_PROBLEM DETAILS_
Copy task, pictures excluded: set down exactly the lines from the one containing "Suéter tejido casual" to the end of the data below.

+--

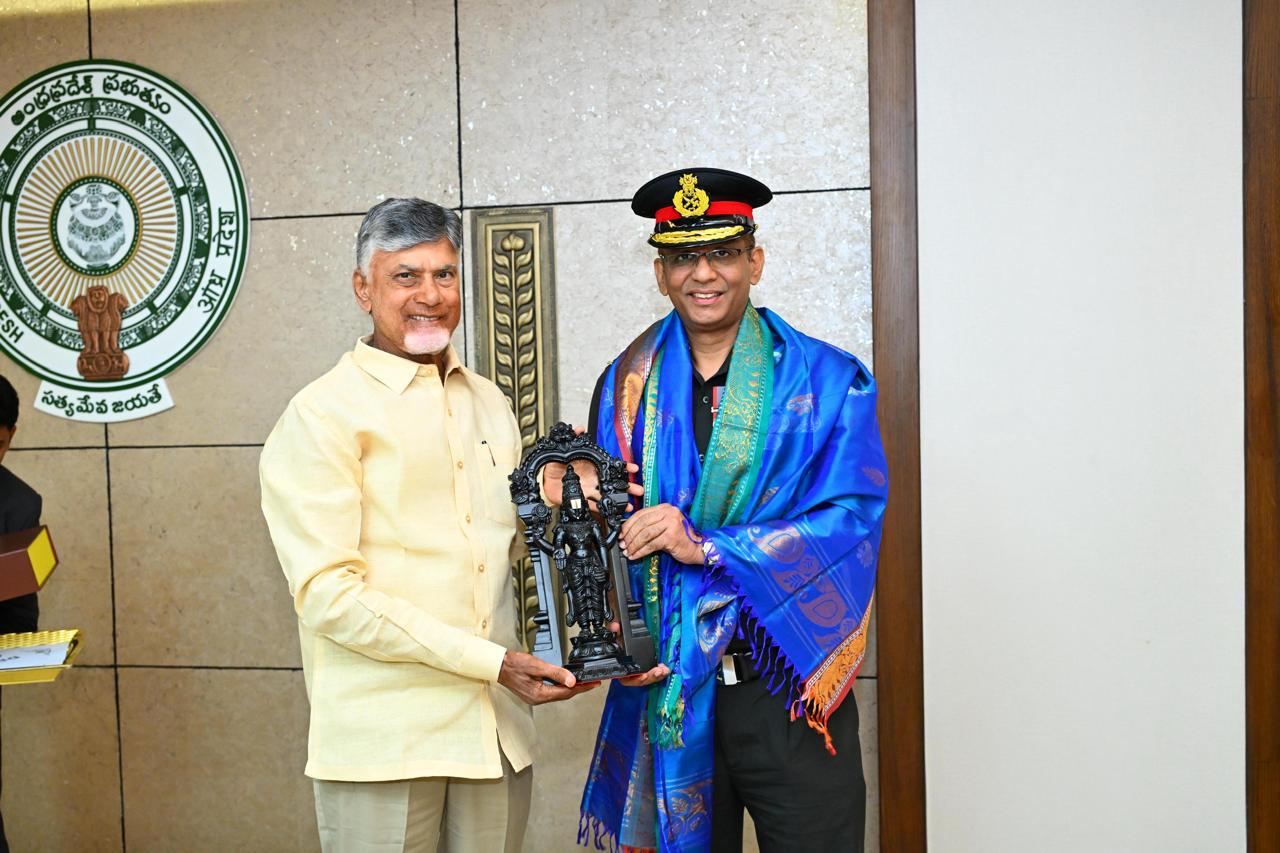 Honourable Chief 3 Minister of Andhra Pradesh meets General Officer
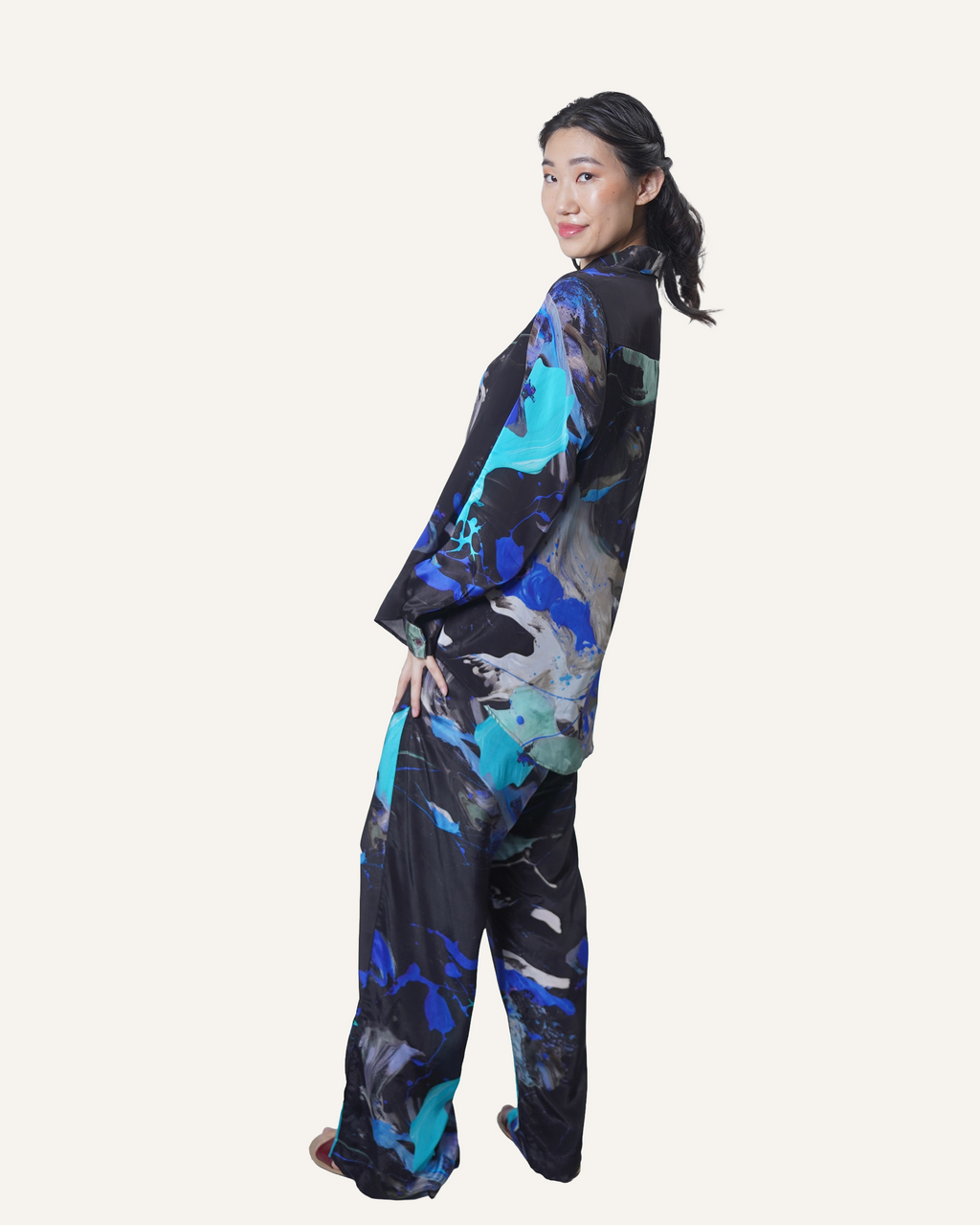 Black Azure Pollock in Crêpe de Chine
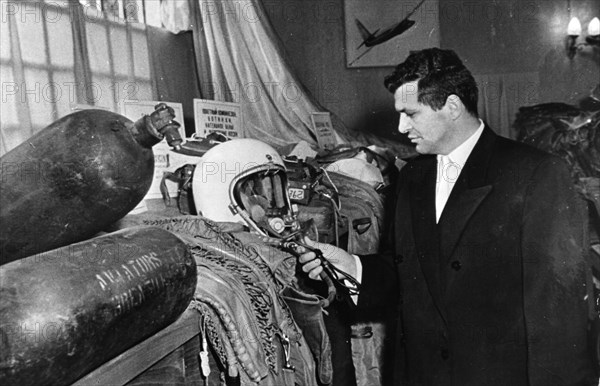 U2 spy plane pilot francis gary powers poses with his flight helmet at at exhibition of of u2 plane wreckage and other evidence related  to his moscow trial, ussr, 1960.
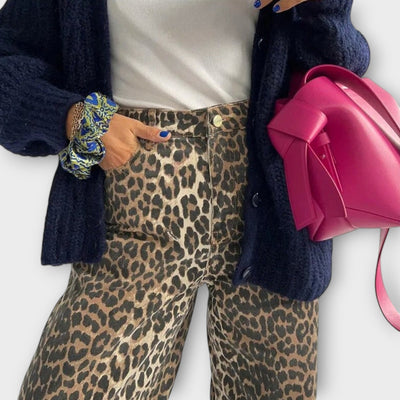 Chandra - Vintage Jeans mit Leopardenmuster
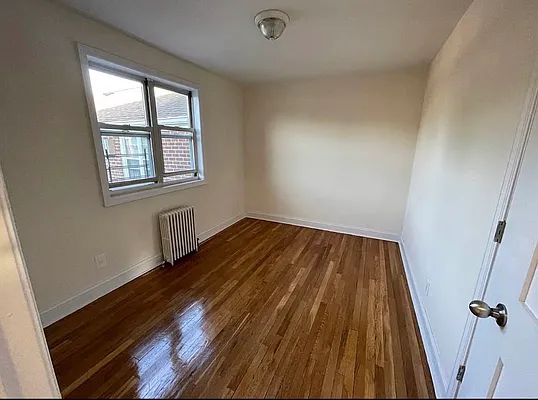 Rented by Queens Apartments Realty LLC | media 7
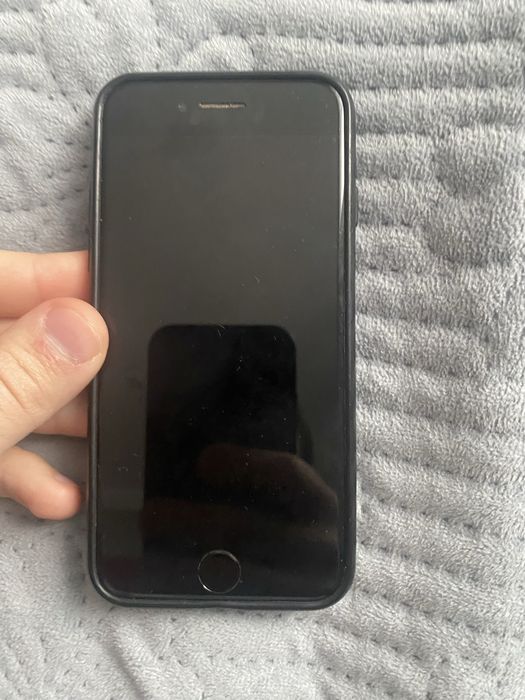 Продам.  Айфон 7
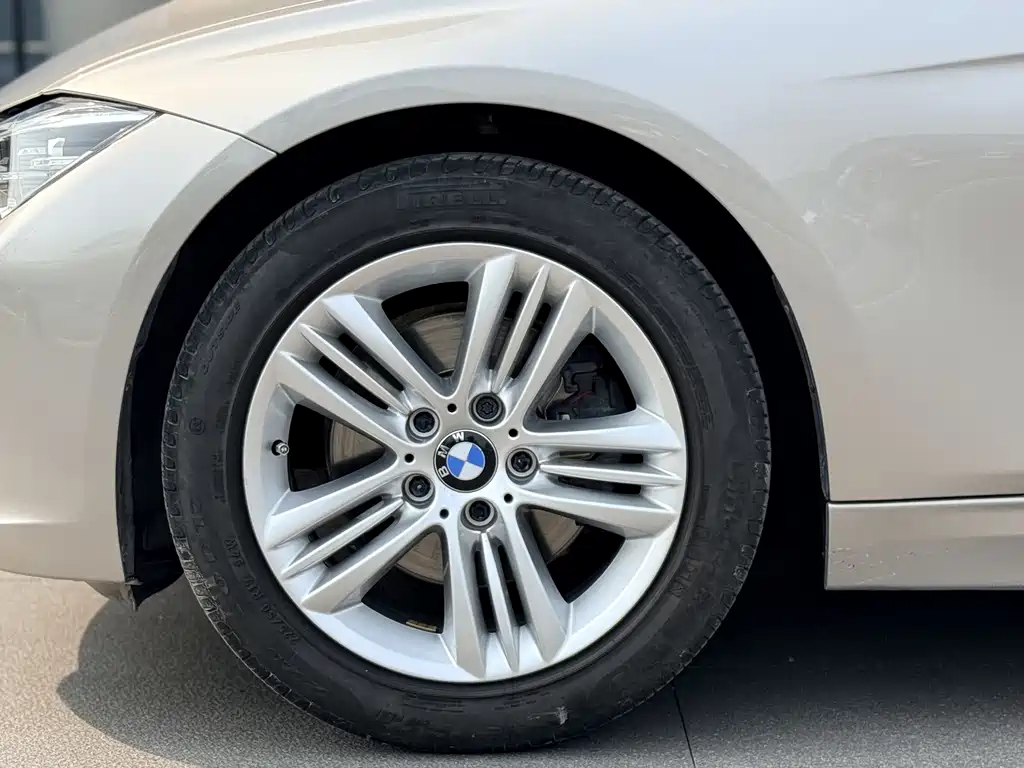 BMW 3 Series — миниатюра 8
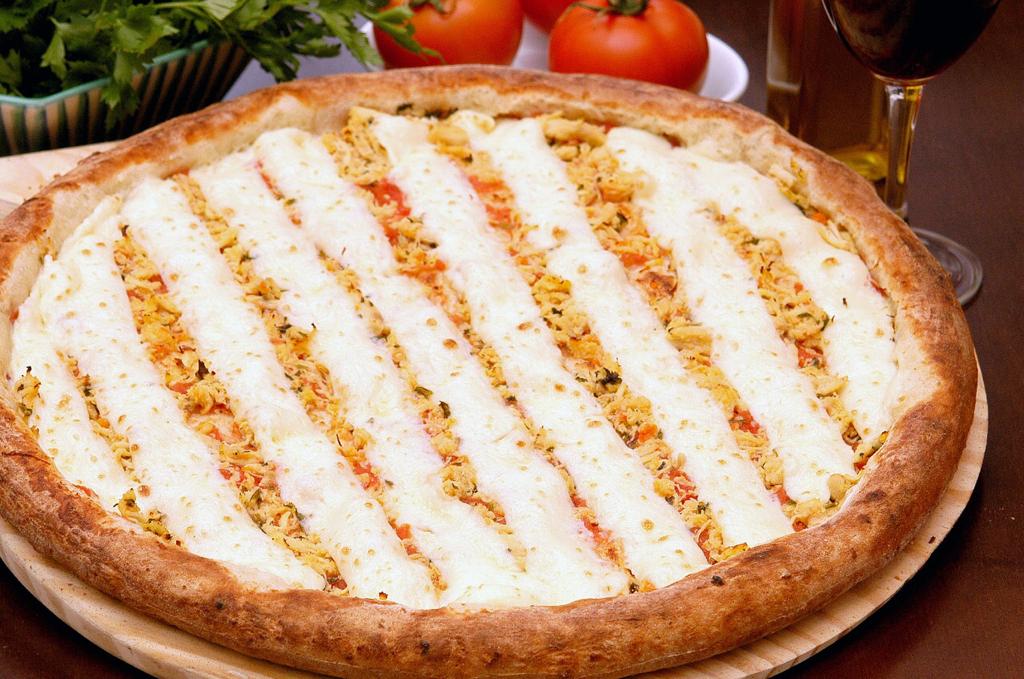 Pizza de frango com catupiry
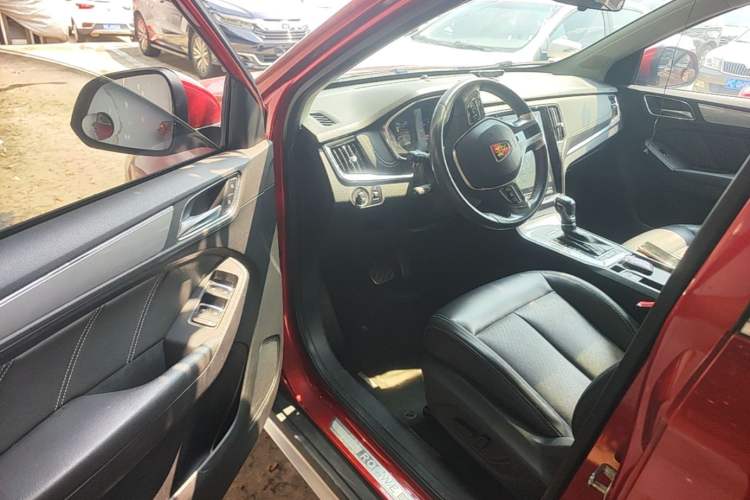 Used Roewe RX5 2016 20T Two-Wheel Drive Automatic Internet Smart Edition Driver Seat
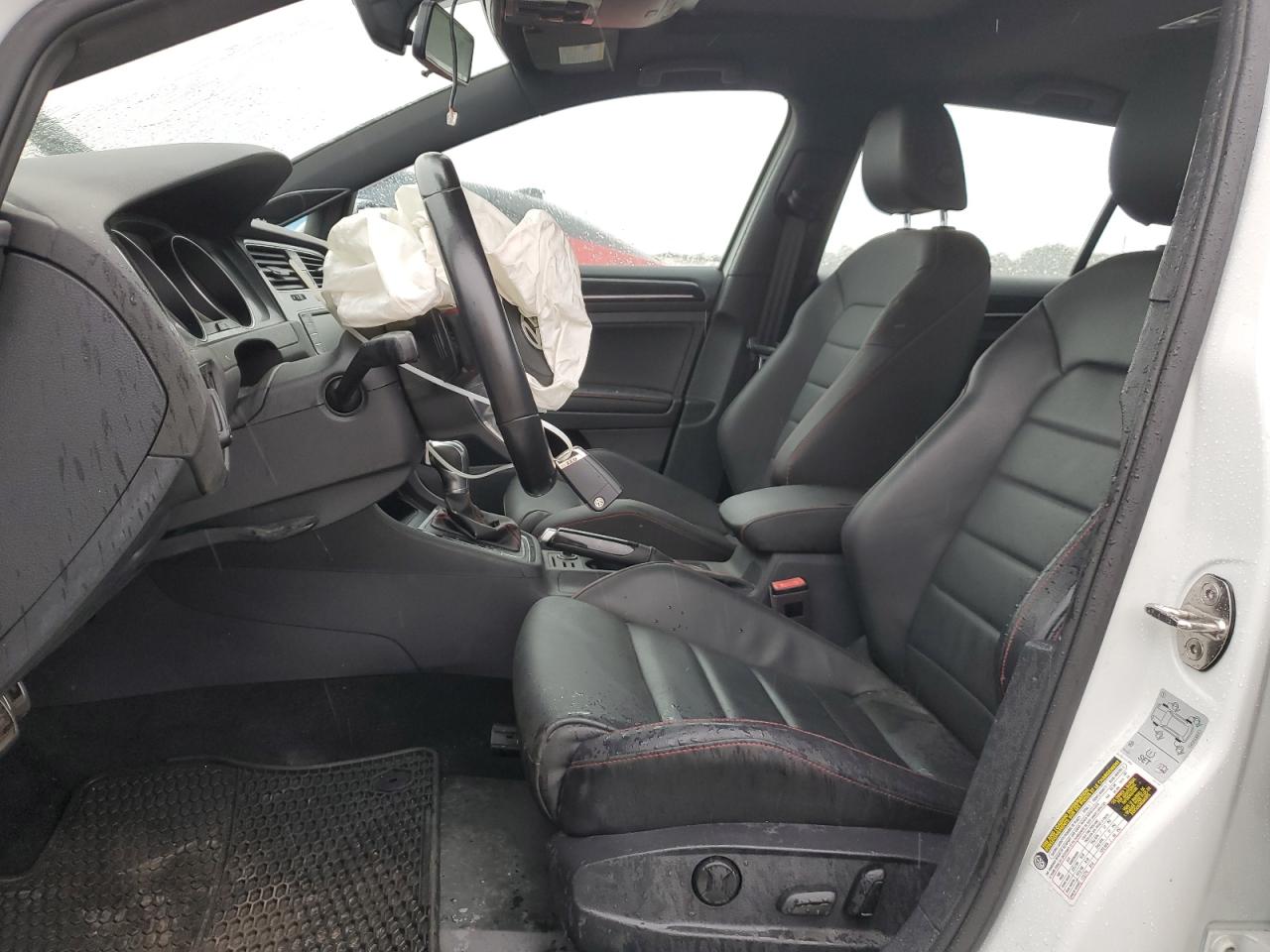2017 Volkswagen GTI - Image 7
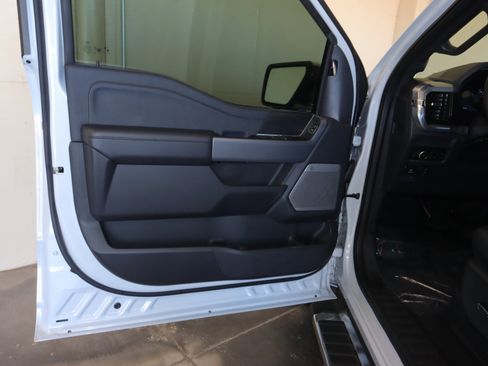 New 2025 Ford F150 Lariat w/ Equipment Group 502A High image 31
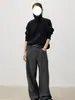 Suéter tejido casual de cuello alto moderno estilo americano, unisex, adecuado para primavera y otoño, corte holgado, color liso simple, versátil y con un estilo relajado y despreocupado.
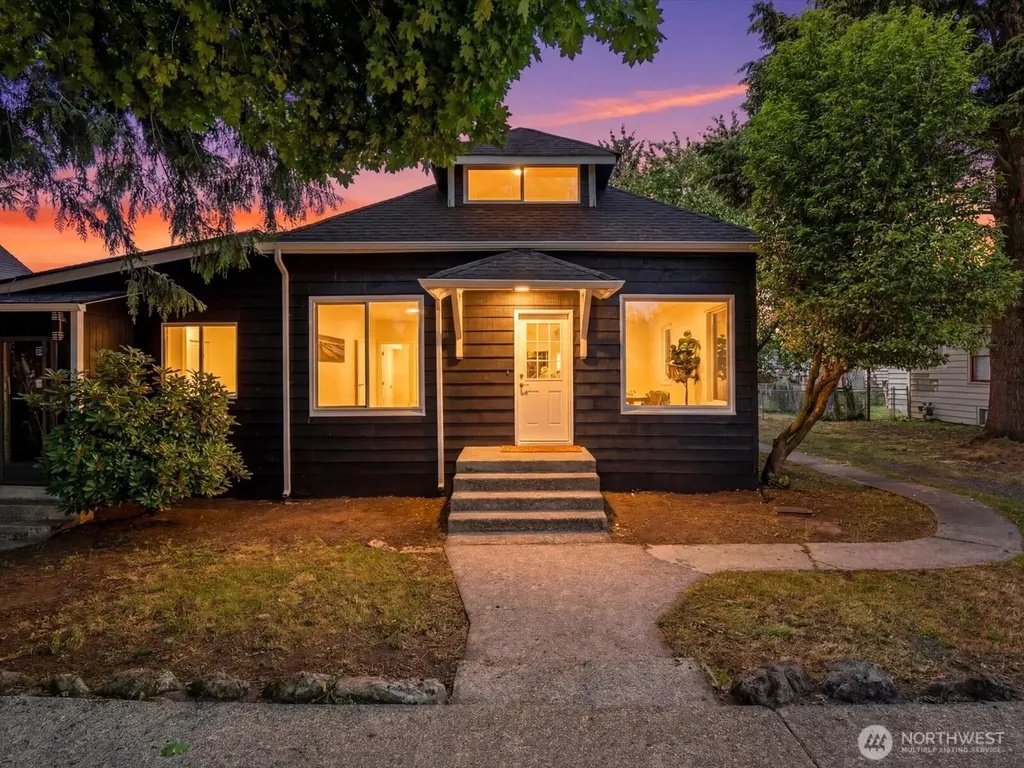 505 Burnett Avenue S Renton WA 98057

+--

_TASK RESULT_
 Suéter tejido casual de cuello alto moderno estilo americano, unisex, adecuado para primavera y otoño, corte holgado, color liso simple, versátil y con un estilo relajado y despreocupado.
 505 Burnett Avenue S Renton WA 98057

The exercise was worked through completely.